There were gasps of shock from the civilians. The sick man's blood was red, it turned out. A spurt of it erupted from his chest as the Sergeant pulled his lance free. Then the man fell with a sigh as his last breath escaped him. Jeffcott thought the sigh sounded almost grateful, as if the man was finally free of some terrible torment. Maybe he was.
The Sergeant looked at the civilians as if expecting them to cry out in condemnation, but no-one did. "Probably the kindest thing that could have been done for him," said Dennis Gruber quietly. "Remember those poor souls back at the hospital."
. The Sergeant clearly thought so because he was wearing a determined, unrepentant expression that told them that he had no problem with the way things had turned out. He was replacing his lance in its harness, still looking at them. Then he turned his horse and returned to the head of the convoy, leaving the dead man lying in the dust.
"Let's go," he said. "We've got time to make up."
The three wagon drivers slapped their reins and they continued on. Jeffcott tried not to look at the dead man as they passed him, but his eyes seemed to be under the control of a power greater than his. The man had rolled onto his back, and the intensity of the situation made Jeffcott notice tiny details that he would probably have missed otherwise. The large bloodstain covering the cannabis leaf design on his vest was still growing as more blood leaked from his wound and dust was sticking to the oily skin of his arms and face. As their wagon passed him by, though, he thought he saw movement under his skin. Colonies of embryonic tissue, he assumed. Moving around inside the corpse, and now they had seventy kilos of dead meat to feed on.

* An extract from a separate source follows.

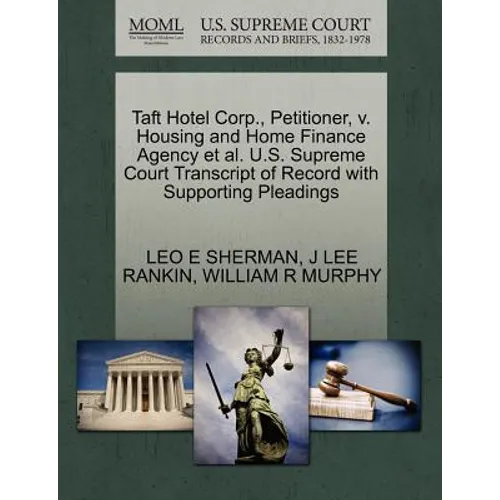Taft Hotel Corp., Petitioner, V. Housing and Home Finance Agency Et Al. U.S. Supreme Court Transcript of Record with Supporting Pleadings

He looked at the other experts. They were carefully looking away from the corpse except for Dennis Gruber, the expert on embryonic growth defects, who was staring at it with a horrified intensity. Was he imagining those embryos growing until they had nothing left to feed on? Jeffcott wondered. Was he imagining small but utterly monstrous creatures tearing their way through the skin and wriggling off in search of something else to eat? Jeffcott thought he was, because he was imagining the exact same thing.
Gruber tore his gaze away from the corpse with a visible effort and for a brief moment his eyes met Jeffcott's. They each read what the other was thinking and they tore their gazes apart as if jerked by an electric shock. Jeffcott noticed that the doctor avoided looking at him for a long time after that.